Dos utopías “trágicas” han sido en su momento señalizadas por el magisterio pontificio: el liberalismo regicida de 1789 (Pío VI) y el marxismo soviético arrinconado por la caída del muro de Berlín (Juan Pablo II específicamente habló del “fin de una utopía trágica” en su discurso de Praga en 1992).
Cuando se desmorona la dimensión sobrenatural del Evangelio se pretende trasladar el “reino de los cielos” a la inmanencia temporal de la política y esa confusión de los planos termina en descoyuntar las bienaventuranzas del sermón de la montaña, vinculadas ya no al consuelo trascendente de la felicidad extramundana sino a una anárquica quimera que desemboca (inevitablemente) en el odio y la violencia.
Sólo la “cristiandad temporal” (con todas sus frágiles y humanas limitaciones) fue capaz de alcanzar como paradigma de lo real una sacralización del mensaje religioso en las estructuras políticas y análogas de la “mediación”, como bien lo observara Charles Maurras: “locura de estos filósofos puramente morales que tratan de pasar por alto la mediación institucional…” y que le llevara a recordar que “el utopista es el gran demoledor de instituciones…”.

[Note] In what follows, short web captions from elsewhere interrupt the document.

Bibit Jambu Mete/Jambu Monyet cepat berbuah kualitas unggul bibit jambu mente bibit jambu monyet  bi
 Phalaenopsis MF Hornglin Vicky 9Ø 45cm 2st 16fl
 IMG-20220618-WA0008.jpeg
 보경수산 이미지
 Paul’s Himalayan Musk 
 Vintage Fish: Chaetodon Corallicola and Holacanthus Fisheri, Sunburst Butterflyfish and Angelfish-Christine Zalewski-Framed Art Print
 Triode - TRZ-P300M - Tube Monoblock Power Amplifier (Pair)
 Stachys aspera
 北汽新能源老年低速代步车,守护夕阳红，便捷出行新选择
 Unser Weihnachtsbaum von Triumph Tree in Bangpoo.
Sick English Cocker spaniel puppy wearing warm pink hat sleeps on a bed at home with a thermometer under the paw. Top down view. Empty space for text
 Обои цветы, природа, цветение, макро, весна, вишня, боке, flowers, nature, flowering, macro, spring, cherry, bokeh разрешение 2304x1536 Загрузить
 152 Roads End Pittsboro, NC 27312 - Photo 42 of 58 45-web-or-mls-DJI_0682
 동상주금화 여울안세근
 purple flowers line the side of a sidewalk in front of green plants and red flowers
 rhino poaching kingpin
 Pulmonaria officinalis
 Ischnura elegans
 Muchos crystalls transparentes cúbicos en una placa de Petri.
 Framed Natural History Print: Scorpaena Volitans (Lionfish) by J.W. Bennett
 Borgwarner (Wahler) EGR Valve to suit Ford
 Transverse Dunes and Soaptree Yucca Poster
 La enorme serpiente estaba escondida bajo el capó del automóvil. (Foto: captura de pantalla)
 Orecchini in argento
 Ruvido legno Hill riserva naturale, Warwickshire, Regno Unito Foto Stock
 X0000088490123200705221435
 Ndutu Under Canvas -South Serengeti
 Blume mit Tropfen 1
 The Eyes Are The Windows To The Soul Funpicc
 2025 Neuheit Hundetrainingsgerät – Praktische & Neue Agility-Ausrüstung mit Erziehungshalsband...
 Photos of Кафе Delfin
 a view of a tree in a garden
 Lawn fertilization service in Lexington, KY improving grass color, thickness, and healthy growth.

También el “principismo” (en tanto no flexibilizado en sus aspectos contingenciales con la experiencia) puede conducir a la utopía conforme su nota habitual de divorcio entre la realidad palpable y las ensoñaciones evasivas.
En este sentido “el escándalo del mal” ha sido un gran impulsador de utopías religiosas ya que, como con su acostumbrada lucidez lo sintetiza Vittorio Messori: “sólo cabe una de estas dos posibilidades: o Dios no puede impedirlos (los males), y entonces no es omnipotente; o bien, puede impedirlos pero no lo hace, y entonces no es bueno. Es esto lo que puede llevarnos a preguntarnos las razones del mal o a negar su propia existencia”, extremo este último que engendra (como lo estamos viendo desgarradoramente en Oriente Próximo) la más atroz de las violencias: la soberbia religiosa en nombre de la Divinidad.
El mesianismo religioso adherido a la política es un caso indiscutido de utopismo fatal que descoloca los intrínsecos valores religiosos potenciándolos en función de las propias lucubraciones personales o colectivas.
El mensaje salvífico de Jesucristo no es (ni fue jamás) utópico porque dirigido para cambiar el corazón del hombre (y de cada hombre sin importar su condición), arrastra con semejante “metanoia” (o radical conversión de las personas) a la transformación posible en este mundo (“mi reino no es ahora de este mundo (transcribe la Vulgata en el diálogo entre Jesús y Poncio Pilatos) y a la esperanza futura (y trascendente) de un “reino de verdad y de vida, de santidad y gracia, reino de justicia, de amor y de paz” (prefacio de la fiesta de Cristo Rey).